**** THE RECORDS ****

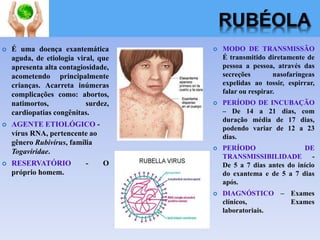 RUBÉOLA
 É uma doença exantemática
aguda, de etiologia viral, que
apresenta alta contagiosidade,
acometendo principalmente
crianças. Acarreta inúmeras
complicações como: abortos,
natimortos, surdez,
cardiopatias congênitas.
 AGENTE ETIOLÓGICO -
vírus RNA, pertencente ao
gênero Rubivírus, família
Togaviridae.
 RESERVATÓRIO - O
próprio homem.
 MODO DE TRANSMISSÃO
É transmitido diretamente de
pessoa a pessoa, através das
secreções nasofaríngeas
expelidas ao tossir, espirrar,
falar ou respirar.
 PERÍODO DE INCUBAÇÃO
– De 14 a 21 dias, com
duração média de 17 dias,
podendo variar de 12 a 23
dias.
 PERÍODO DE
TRANSMISSIBILIDADE -
De 5 a 7 dias antes do início
do exantema e de 5 a 7 dias
após.
 DIAGNÓSTICO – Exames
clínicos, Exames
laboratoriais.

****

REQUIRED ACTION
Reproduce only the lines running from the one that contains "pessoa a pessoa, através das" to the last line of the records.

EXERCISE SOLUTION
pessoa a pessoa, através das
secreções nasofaríngeas
expelidas ao tossir, espirrar,
falar ou respirar.
 PERÍODO DE INCUBAÇÃO
– De 14 a 21 dias, com
duração média de 17 dias,
podendo variar de 12 a 23
dias.
 PERÍODO DE
TRANSMISSIBILIDADE -
De 5 a 7 dias antes do início
do exantema e de 5 a 7 dias
após.
 DIAGNÓSTICO – Exames
clínicos, Exames
laboratoriais.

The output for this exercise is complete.